Don't you sympathise with the poor foreigner?


(Sue Watson) #1

A French friend sent me this, with an explanation...


"L'accent de la personne qui appelle la radio est assez prononcé, donc je te situe le contexte : c'est un étranger qui vit en France et qui explique qu'il ne sait jamais à la boulangerie s'il doit dire un ou une, le ou la pour une baguette et il a trouvé un truc qu'il veut partager avec tous les étrangers en France….."


https://www.youtube.com/watch?v=UcH8cVk6X7Q




(Brian Milne) #2

Ditto David, apart from which I have learned to use the indistinct 'n instead of either like people do hereabouts, apart from that it is who gives a ....?


(David Rosemont) #3

But Brian if I make a mistake with an un or an une these days I just think to myself "who gives a s**t anyway" at my age! If they don't want to sell one or laugh at me I can just laugh at myself. These days I can't remember what to say in English plenty of the time!


(Sue Watson) #4

Why didn’t he ask the baker whether it’s “une baguette” or “un baguette”? I hope that when they had finished laughing the radio guy explained what to ask for!


(Brian Milne) #5

The last verse of a Bob Dylan song:

I pity the poor immigrant
Who tramples through the mud
Who fills his mouth with laughing
And who builds his town with blood
Whose visions in the final end
Must shatter like the glass
I pity the poor immigrant
When his gladness comes to pass

Then they make fun of somebody from Armenia who has problems buying baguettes!
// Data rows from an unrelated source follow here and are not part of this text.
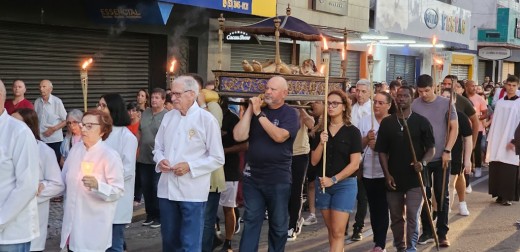 PROCISS�O DO SENHOR MORTO � REALIZADA EM RIO GRANDE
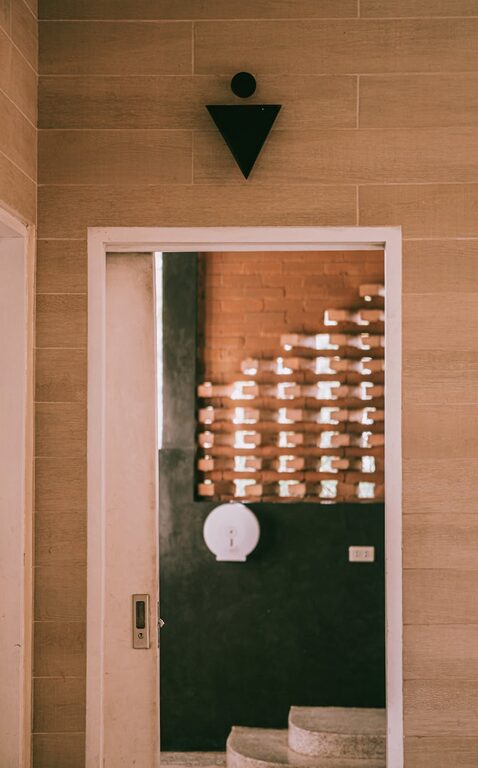 How to Create a Minimalist Bathroom Setup for a Clean, Calm Space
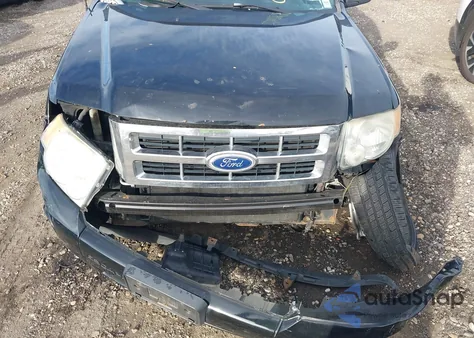 2010 Ford Escape Touring z USA, uszkodzony, nr VIN 1FMCU9D74AKB88875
I think this is an overblown story to fill in an empty space, except that it does fit with some peoples' views if you take a look at this: http://www.theguardian.com/world/2015/oct/09/right-wing-new-reactionaries-stir-up-trouble-among-french-intellectuals

Have people nothing else to do in this world other than laugh at others or effectively demonise them?